Right now, the American stock market is far from cheap.
It is bold to say, expensive.
This should come as no surprise considering that the S&P 500 has risen 12 over the past 13 years (including this year), including a 100% gain from Crown minimum shocks in just 15 months.
According to the Shiller CAPE ratio, the U.S. stock market is now as expensive as at any time in its history, except for the dot-com bubble:
The Shiller CAPE reached 44x at the end of 1999.
Assuming there are no changes in earnings (a great fact, but join me), we are at less than 16% of these levels.
I can’t predict the future, but it’s not a fact to say that we are likely to see the highest valuations in the history of the stock market at some point in this cycle.
While it would be foolish to call the stock market anything that is not expensive right now, a certain context is required here.
The JP Morgan Market Guide has excellent graphics that do just that. Here’s a good one that shows several different valuation measures compared to 25-year averages:
Valuations are certainly in the upper band, even when measured in relation to the last 25 years, which has been a time full of above-average historical valuations.
There’s one that may surprise you: this year, in fact, we’ve seen multiples at the S&P 500 contract:
Profit growth has been so strong this year that the S&P 500’s multiple price-gain has fallen. Although stocks have risen close to 20%, profit growth has outpaced the market.
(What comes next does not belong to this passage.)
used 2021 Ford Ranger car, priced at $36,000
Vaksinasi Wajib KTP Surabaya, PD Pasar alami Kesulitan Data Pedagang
There is a good reason for this. The stock market is rising because the fundamentals are improving. Revenues have returned to the return of the recession (for Sam Ro):
This graphic is amazing.
Okay, I think so, but I’m not sure how many people would have believed it in the spring of 2020. Indeed, the stock market managed to take off like a rocket coming out of the crisis. He basically predicted this massive rebound in profits.
I would also be reckless if I didn’t mention the elephants in the room when it comes to the bag.
Apple, Microsoft, Amazon, Google and Facebook are now collectively worth more than $ 9 trillion (up from $ 1.1 trillion when Facebook went public in 2012).
In many ways, these companies they are the bag right now. Or at the very least, they will have their opinion on the direction and fundamentals of the market because they have such a small market share.
JP Morgan also exploded valuations and profits on S&P’s top ten stocks (which also includes Berkshire Hathaway, Tesla, Nvidia, JP Morgan and Johnson & Johnson) and everything else:
The top ten stocks are now approaching 30% of the market. It sounds scary until you see that they contributed 34% of last year’s revenue. These companies are huge for a reason.
They are also expensive for a reason. It can be seen that once the first ten shares are removed, the valuation of the other 490 shares approximately does not look so bad.
How about one more chart to get that point home?
This shows that the average S&P 500 P / E ratio is now even higher than that of the tech bubble. But look at the scatter around the median. There is a wide range between the upper and lower quintile of stocks.
The problem for investors is that many of these stocks that have low valuations are cheap for a reason. And most stocks that have high valuations are expensive for a reason. Choose your poison.
I’m not trying to say that stocks are cheap. I don’t even try to say they’re not expensive.
With interest rates so low and the market at record highs, I would almost worry more if the stock market it was not car.
But there are good reasons for the overvaluation in the U.S. stock market right now.
This is not to say that yields should be kept high, but it also does not guarantee that a second arrival of the dot-com error is inevitable.
Context is important.
To read more:
Could we see record valuations in the stock market this cycle?